## Records for this exercise

▶

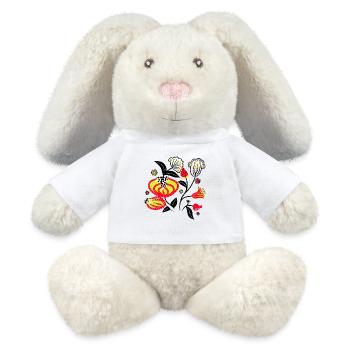 Painted flowers - MiniFeet® RecycelHase® Bunny Cream - white - Front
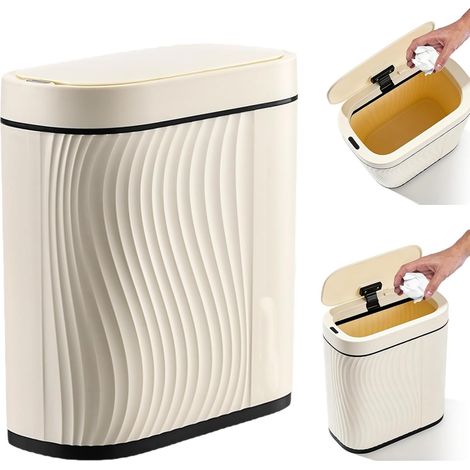 Poubelle à capteur, automatique, avec capteur, 8 l, avec couvercle, seau à fumier intelligent sans contact, détecteur de mouvement étroit pour maison, bureau, hôtel, restaurant (blanc) (1/5)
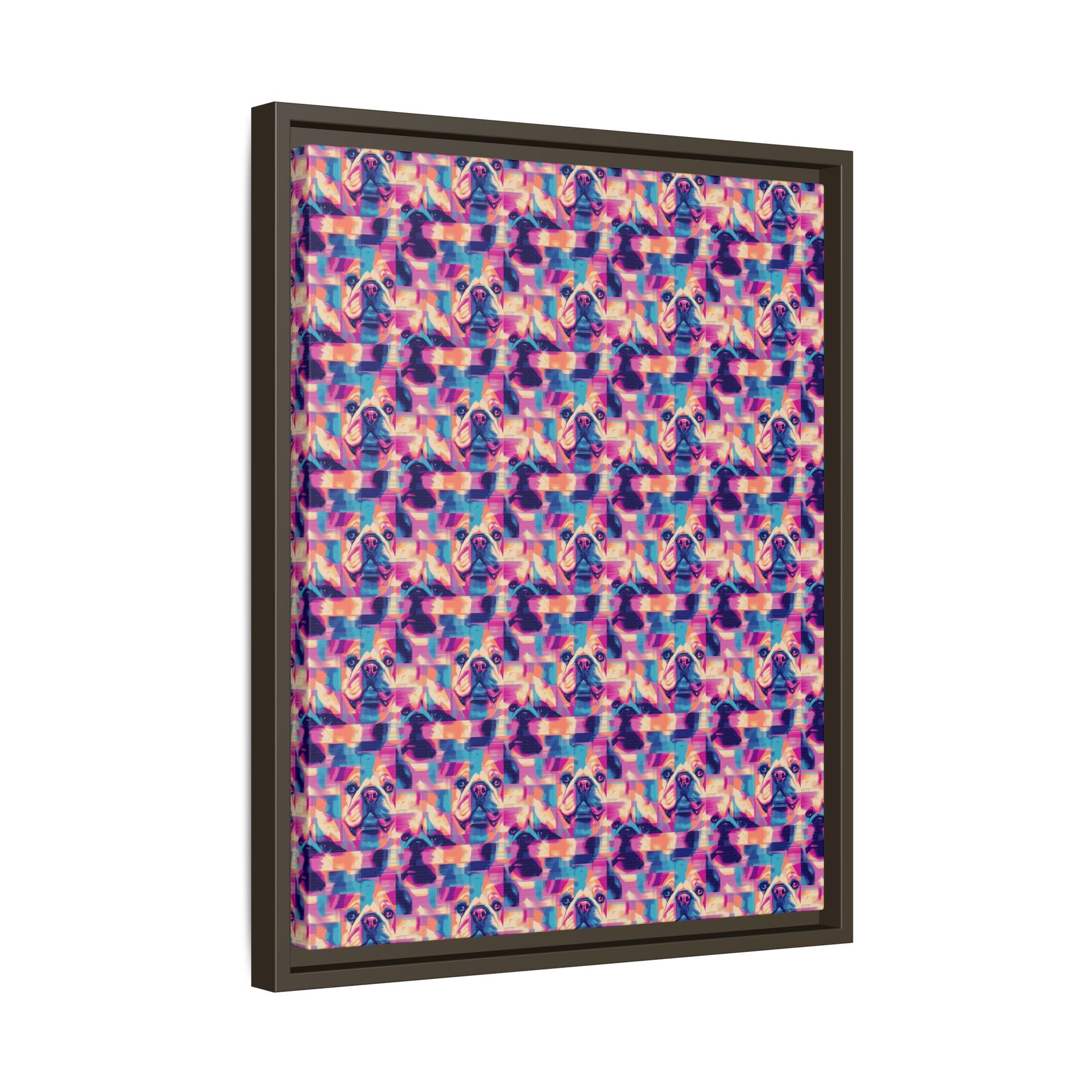 Dazzling Bulldog Chic Matte Canvas, Framed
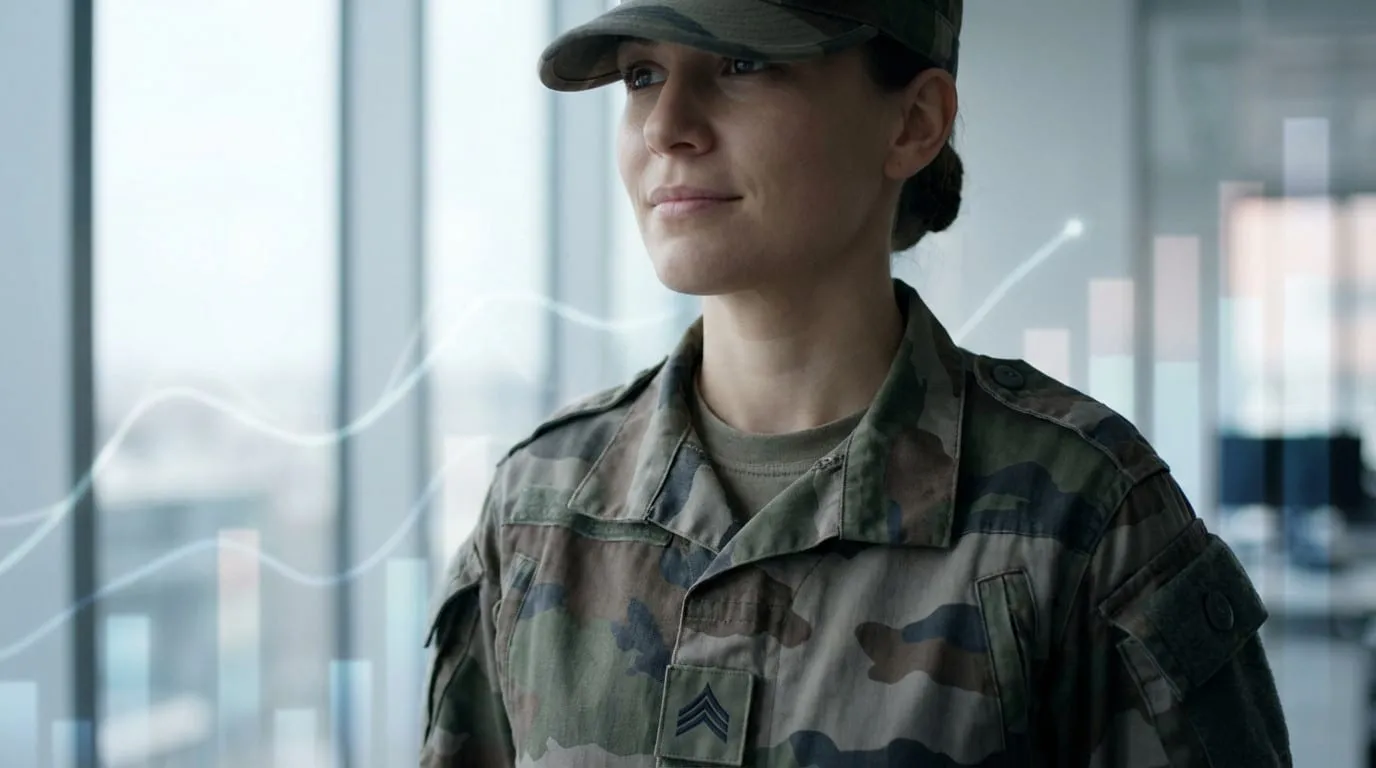 Confident female reservist in camouflage uniform with rank insignia, looking off-camera. Blurred financial charts overlay background.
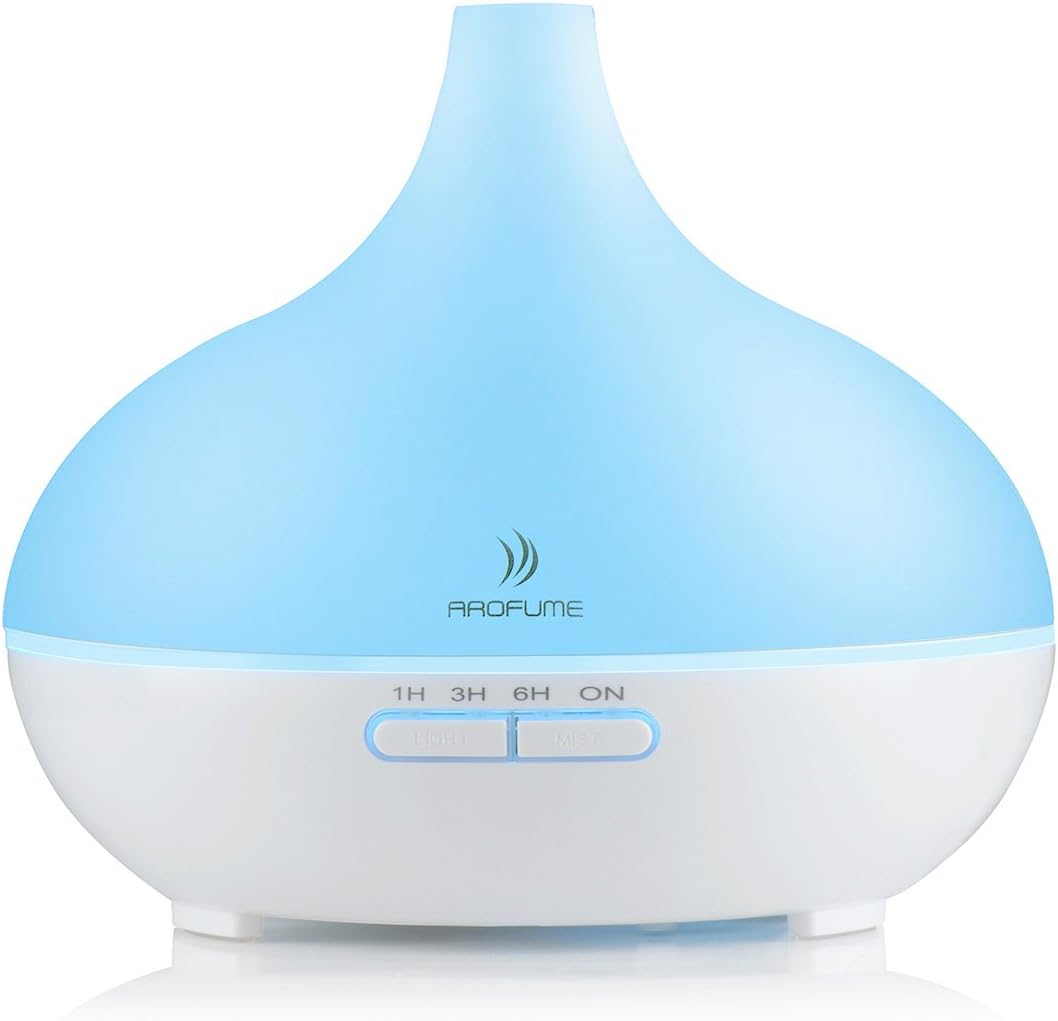 Essential Oil Diffuser, AROFUME 300ml Ultrasonic Cool Mist Humidifier Aromatherapy Diffuser with 4 Time Setting, 7 Color LED Lights Changing and Waterless Auto Shut-off for Yoga Bedroom Baby Room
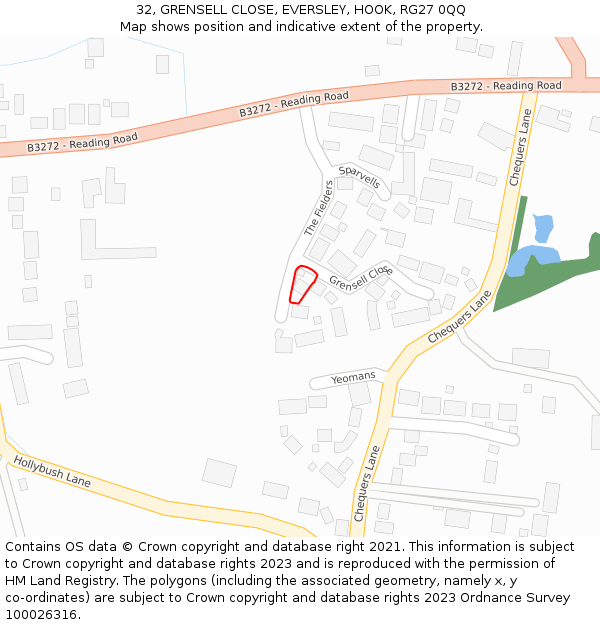32, GRENSELL CLOSE, EVERSLEY, HOOK, RG27 0QQ: Location map and indicative extent of plot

◀

## Work instruction
Could you repeat exactly the lines from the first one of the records above through the line containing "Dazzling Bulldog Chic Matte Canvas, Framed", leaving out any pictures?

## Task solution
 Painted flowers - MiniFeet® RecycelHase® Bunny Cream - white - Front
 Poubelle à capteur, automatique, avec capteur, 8 l, avec couvercle, seau à fumier intelligent sans contact, détecteur de mouvement étroit pour maison, bureau, hôtel, restaurant (blanc) (1/5)
 Dazzling Bulldog Chic Matte Canvas, Framed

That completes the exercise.